**GIVEN MATERIAL**:

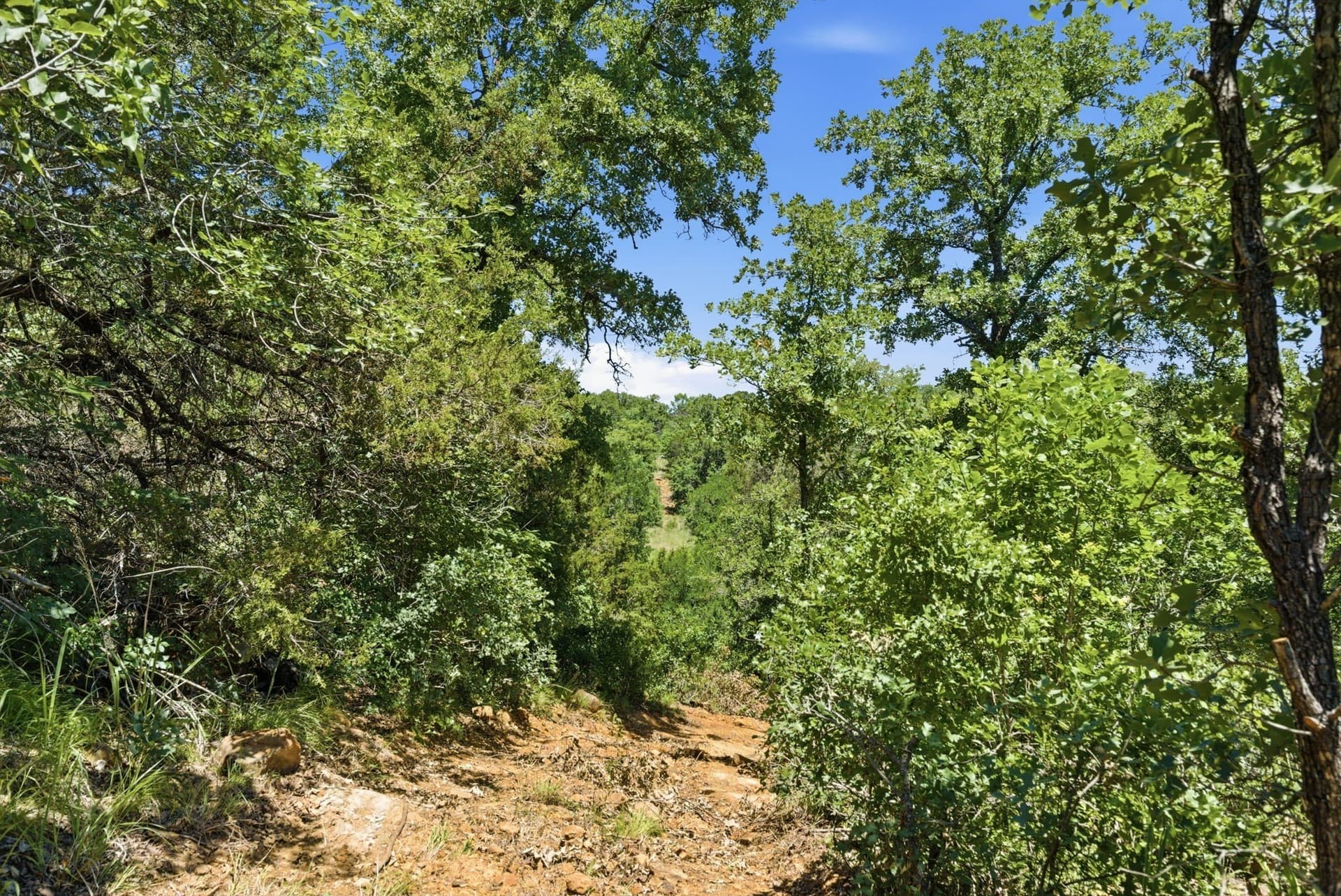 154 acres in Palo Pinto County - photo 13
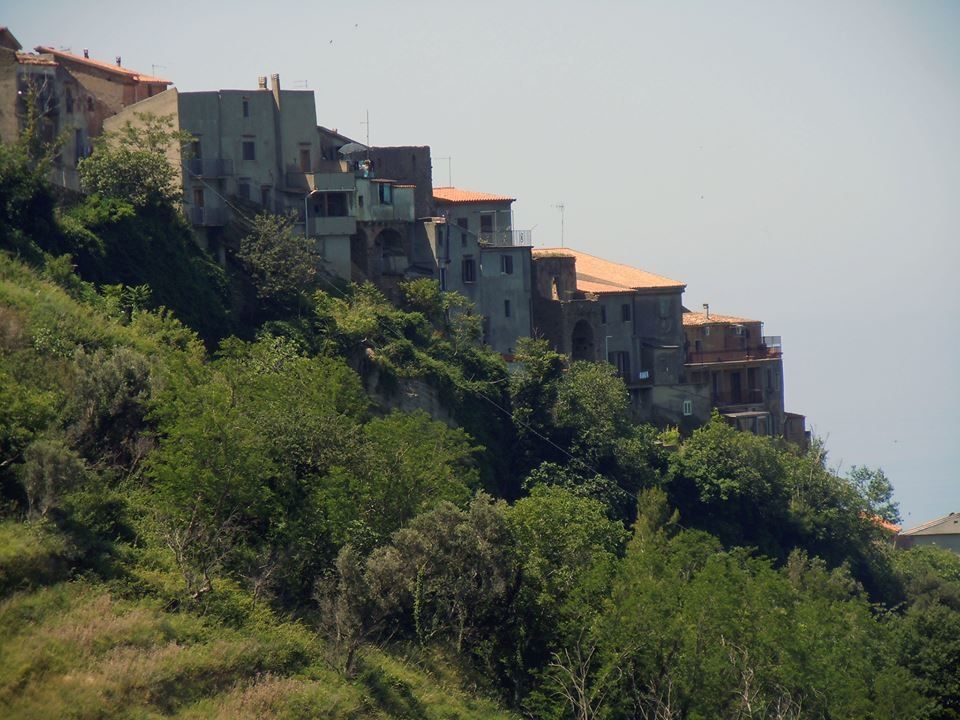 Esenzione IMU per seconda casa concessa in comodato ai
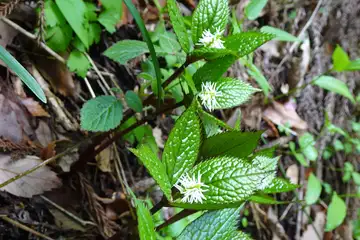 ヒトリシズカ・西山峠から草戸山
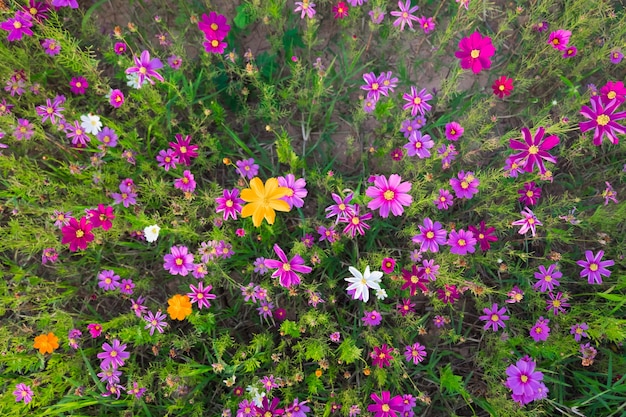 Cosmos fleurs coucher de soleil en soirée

**REQUIRED WORK**:
Only the lines from the line with "ヒトリシズカ・西山峠から草戸山" through the final line of the material belong in the answer, copied exactly and without pictures.

**REPLY TO THE TASK**:
 ヒトリシズカ・西山峠から草戸山
 Cosmos fleurs coucher de soleil en soirée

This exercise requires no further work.